Although Smith extensively uses and references literature and literary studies to support the arguments she makes about African American environmental thought as it is expressed by black writers (for example, Charles Chesnutt and Richard Wright), she does not use (or even seem to be aware of) any prior work on the subject completed by ecocritics, such as Karla Armbruster, Michael Bennett, Lawrence Buell, Scott Hicks, and Kathleen R. Wallace.[1] Smith's omission gives one familiar with the work pause, but in the end does not diminish the strength or value of her scholarly accomplishment, because she approaches the issue from the perspective of a political scientist, looks at many of the same sources as the ecocritics, and arrives at comparable conclusions. If anything, Smith's work and theirs lend credibility to one another and in turn demonstrate "consilience" and the value of interdisciplinary scholarship.[2] This is further sustained by Smith's reference to and use of recent scholarship in environmental history (a field closely allied with ecocriticism) that examines African Americans' historical relationship(s) to nature, including "To Love the Wind and the Rain": African Americans and Environmental History (2006), a collection of scholarly essays edited by Dianne Glave and Mark Stoll.

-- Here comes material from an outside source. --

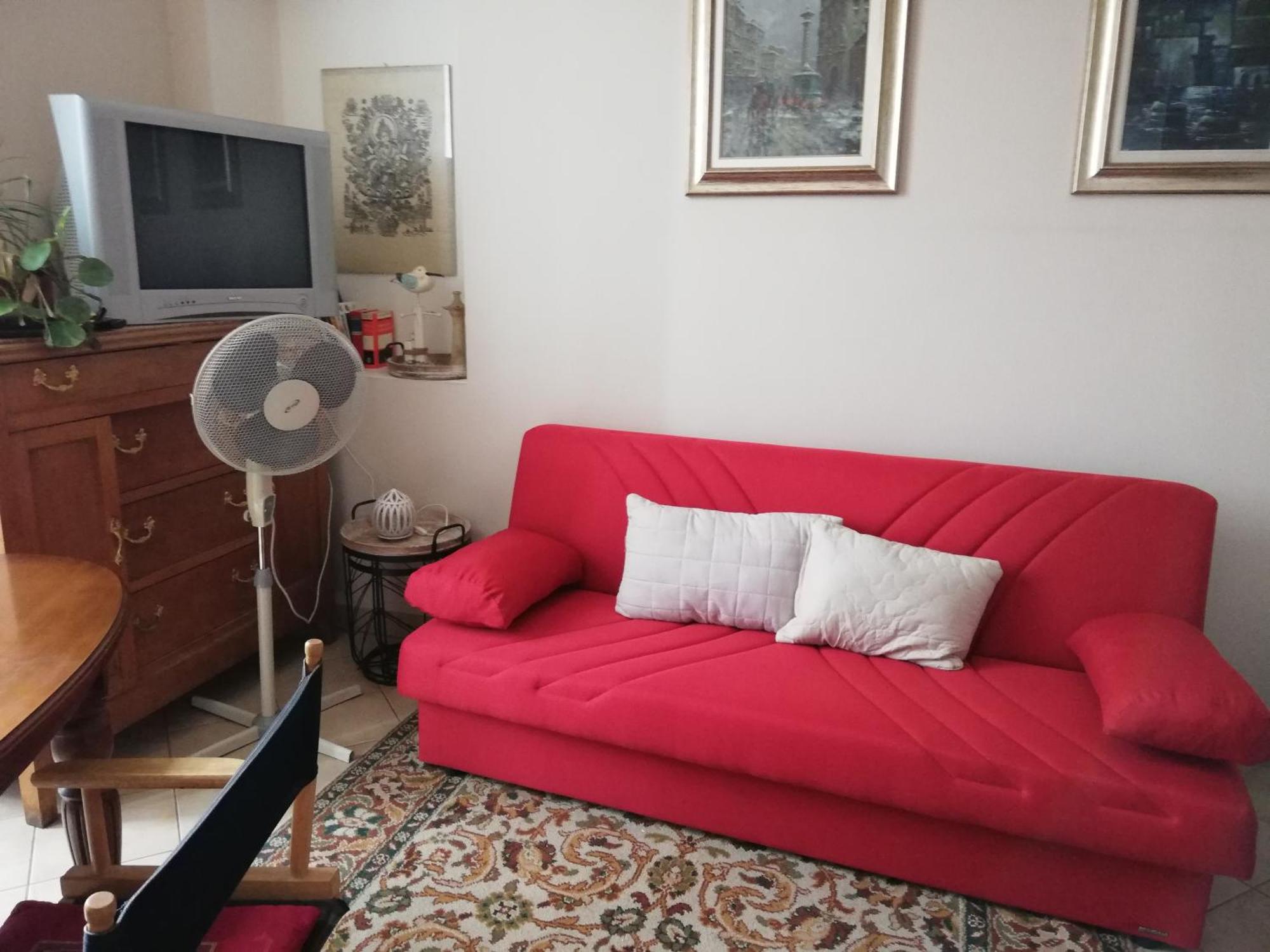 Apartmán Le Corti 2 Alexandrie Exteriér fotografie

The irrefutable strength of African American Environmental Thought is Smith's extensive use of primary sources--the works of black theorists and writers she discusses as well as of white writers and theorists who influenced them--for they give the essential substance and support to the theory Smith puts forward. In places, however, Smith relies too heavily on the words of these theorists and writers to carry her argument. The consequence is that her claim and the correlation she "sees," for example, between art/artistic expression and individual/communal thought vis-à-vis the environment is obscure, especially in chapters 5 and 6. The few pages in chapter 6 that Smith devotes to analyzing Richard Wright's novel Native Son (1940), for example, is one of the few instances in either chapter where she brings together many of the strands of thought she has discussed and actually shows how they are connected and given expression in art (versus explained in the theoretical texts). Smith's book would have benefited enormously from more of this type of analysis and example, as well as from more explanation in her own words of her reading(s) and interpretation(s) of various theorists' ideas.

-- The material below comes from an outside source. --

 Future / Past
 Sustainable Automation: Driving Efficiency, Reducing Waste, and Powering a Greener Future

Lastly, although the book is rich with perceptive ideas and credible claims, Smith's evidentiary support for some of those claims is inadequate. In the conclusion, for instance, Smith states that "black environmental activism looks different from our usual picture of mainstream environmental politics; it has been aimed neither at preserving unique wilderness areas nor at resource conservation on a national scale. Instead, it has been local in scope and focused on access to open space and public services, pollution abatement, and local public health issues" (p. 188). The evidence and explanation provided in the book indubitably sustain the claim in the first sentence. Until the conclusion, however, very little, if any, evidence supports the claim that "black environmental activism" has "focused on access to open space and public services, pollution abatement, and local public health issues." In fact, contrary to the best practices in historical and literary scholarship (but perhaps consistent with the structure and presentation of legal arguments and scholarship), what evidence Smith provides in support of this latter claim is not given until the conclusion. Smith assumes that her readers know enough already about environmental justice to understand how her theory of African American environmental thought is evidence enough to validate the claim.

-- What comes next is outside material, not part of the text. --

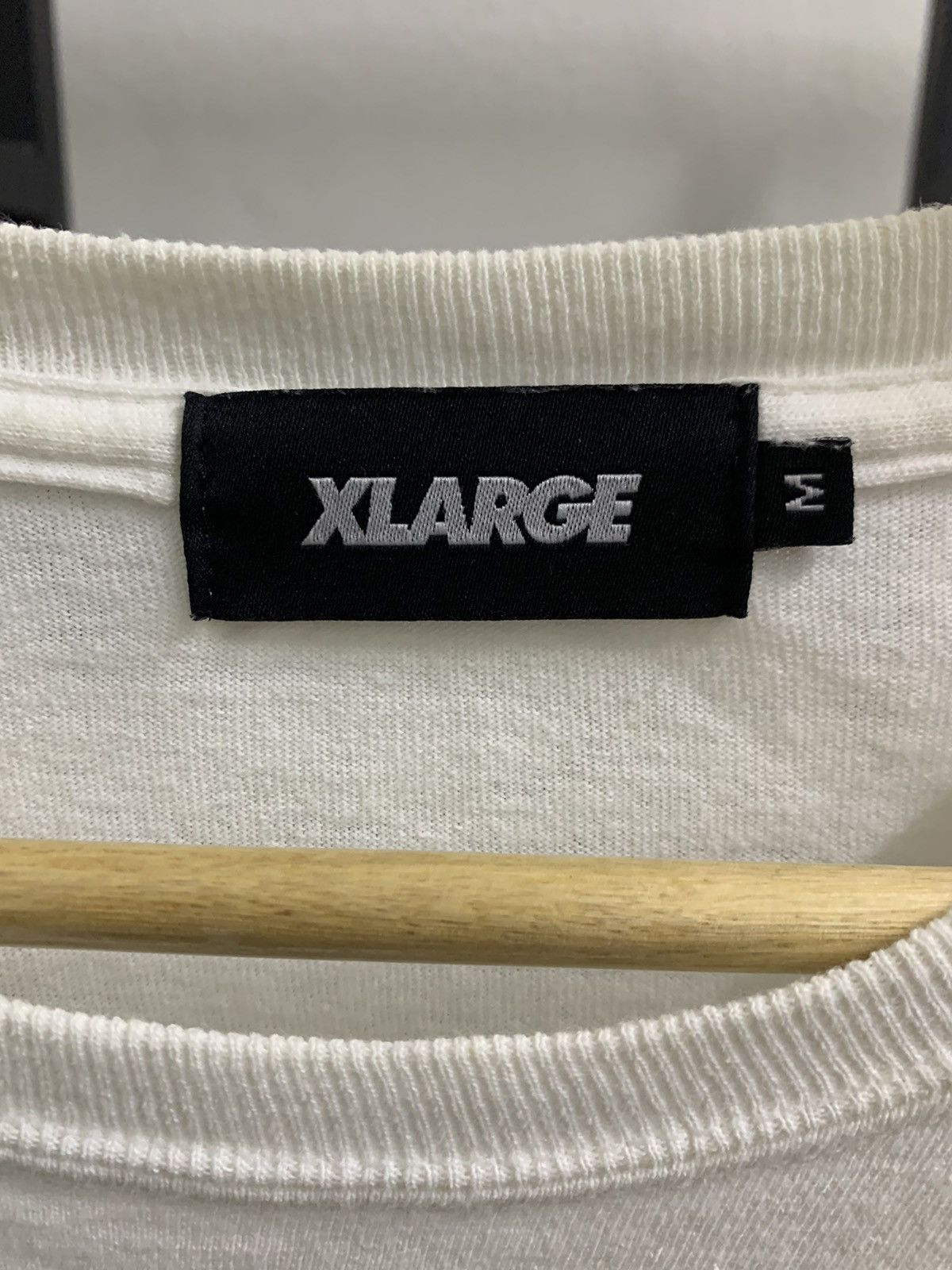 X-LARGE 🔥HOT🔥VINTAGE XLARGE TROPICAL LOVE Size US M / EU 48-50 / 2 - 5 Thumbnail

Despite these weaknesses produced as much by overambition as by writing style (at times inconsistent and evidencing the author's legal background), African American Environmental Thought represents an exceptional example of interdisciplinary scholarship. The fact that Smith's work challenges the conventional conception and definition of environmental thought in productive ways speaks to the value and significance of her work--and, more important, of the work of the black theorists about whom she writes--and the contributions it makes to the larger endeavor of improving human understanding, healing, and reconciliation. The book is a highly readable (though at times dense), very informative, and immensely valuable contribution to the literatures of many disciplines. It is a solid foundation for informing substantive and theoretical discussions about the fundamental nature and significance of African American environmental thought and its effects on the current thinking in many professional and scholarly fields inside and outside the academy, including black studies, environmental justice, law, literary studies, politics, and public history.
Notes
[1]. See, for example, Kathleen R. Wallace and Karla Armbruster, eds., Beyond Nature Writing: Expanding the Boundaries of Ecocriticism (Charlottesville: University Press of Virginia, 2001); Michael Bennett, "Anti-Pastoralism, Frederick Douglass, and the Nature of Slavery," in Beyond Nature Writing, 195-210; Lawrence Buell, Writing for an Endangered World: Literature, Culture, and Environment in the U.S. and Beyond (Cambridge: Belknap Press of Harvard University Press, 2001); and Scott Hicks, "W. E. B. Du Bois, Booker T. Washington, and Richard Wright: Toward an Ecocriticism of Color," Callaloo 29 (2006): 202-222.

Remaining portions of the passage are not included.